MicroHapDB: A Portable and Extensible Database of All Published Microhaplotype Marker and Frequency Data

Front Genet. 2020 Aug 7:11:781. doi: 10.3389/fgene.2020.00781. eCollection 2020.

Abstract

Microhaplotypes are the subject of significant interest in the forensics community as a promising multi-purpose forensic DNA marker for human identification. Microhaplotype markers are composed of multiple SNPs in close proximity, such that a single NGS read can simultaneously genotype the individual SNPs and phase them in aggregate to determine the associated donor haplotype. Abundant throughout the human genome, numerous recent studies have sought to discover and rank microhaplotype markers according to allelic diversity within and among populations. Microhaplotypes provide an appealing alternative to STR markers for human identification and mixture deconvolution, but can also be optimized for ancestry inference or combined with phenotype SNPs for prediction of externally visible characteristics in a multiplex NGS assay. Designing and evaluating panels of microhaplotypes is complicated by the lack of a convenient database of all published data, as well as the lack of population allele frequency data spanning disparate marker collections.
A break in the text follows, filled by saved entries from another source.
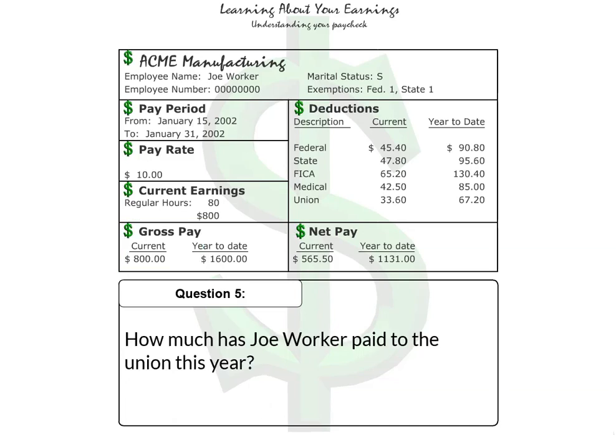Question 5: How much has Joe Worker paid to the union this year? The correct answer is $67.20.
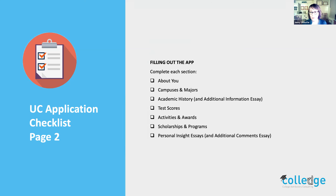These are the sections of the application: About You — your address and personal information; Campuses and Majors; Academic History and Additional Information Essay; a little box you can fill in; Test Scores if you have them; Activities and Awards; Scholarships and Programs you might want to be considered for; and then Personal Insight Essays and Additional Comments Essay. It really does take some time — plan for about three hours total to get through everything.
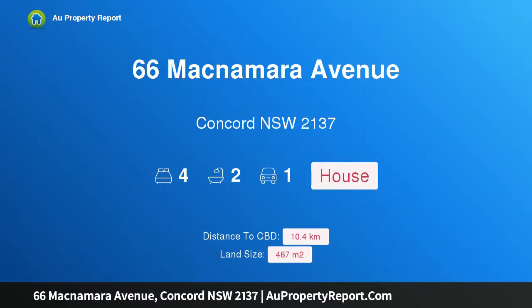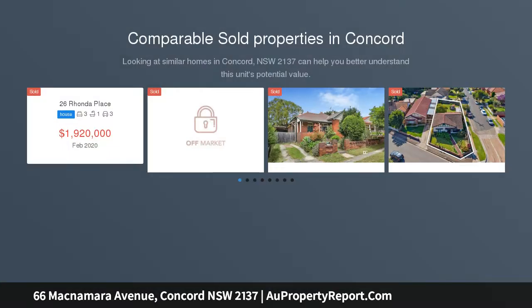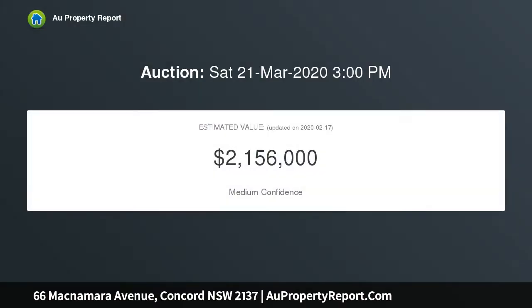I am glad to introduce 66 McNamara Avenue, Concord, New South Wales 2137. This art deco gem, set in one of central Concord's blue ribbon streets, showcases its proud and noble art deco heritage to perfection. This exquisitely maintained and presented Californian gem will instantly captivate with its impressive combination of period character and contemporary functionality.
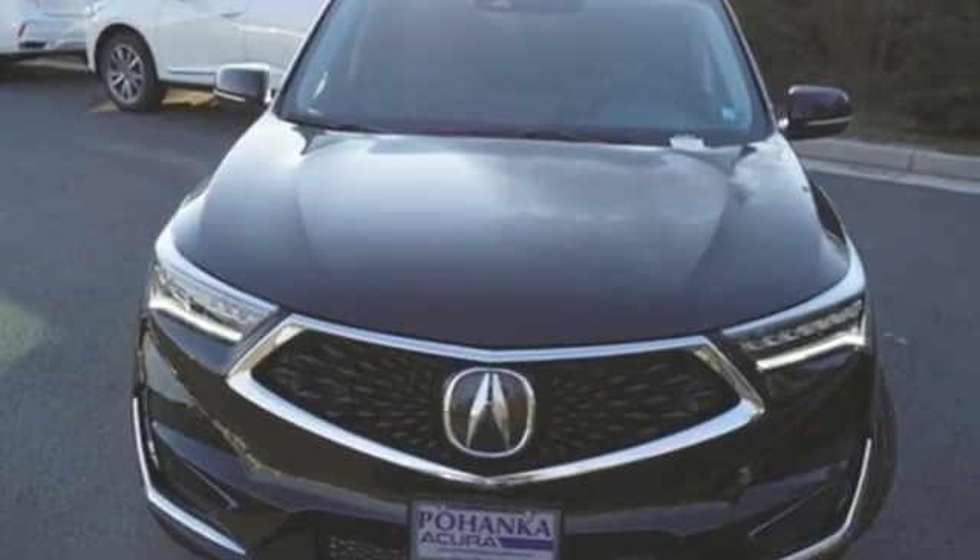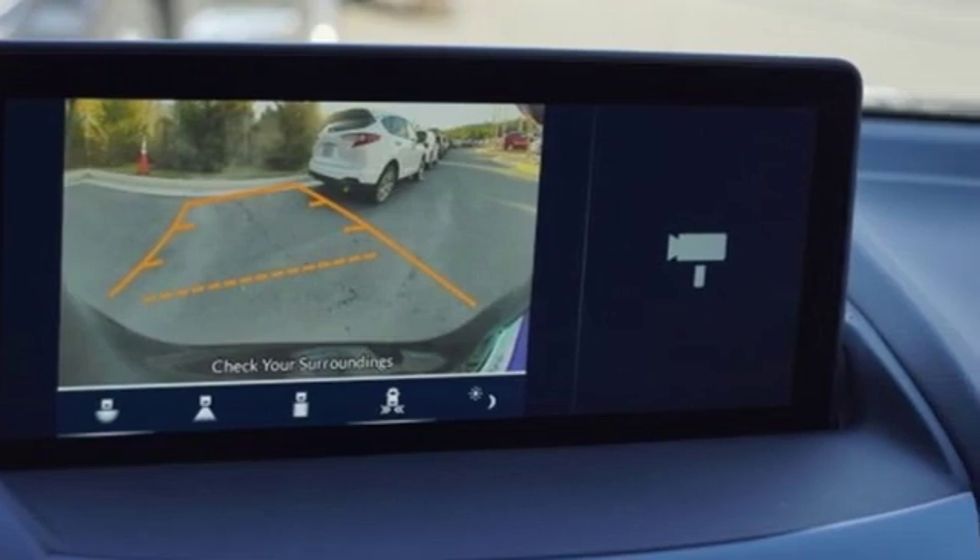Despite the increase in power and cylinder count, the new RDX is more fuel efficient than before.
We present MicroHapDB, a comprehensive database of published microhaplotype marker and frequency data, as a tool to advance the development of microhaplotype-based human forensics capabilities. We also present population allele frequencies derived from 26 global population samples for all microhaplotype markers published to date, facilitating the design and interpretation of custom multi-source panels. We submit MicroHapDB as a resource for community members engaged in marker discovery, population studies, assay development, and panel and kit design.

Keywords: Python; bioinformatics; database; forensics; human identification; microhaplotype; next generation sequencing.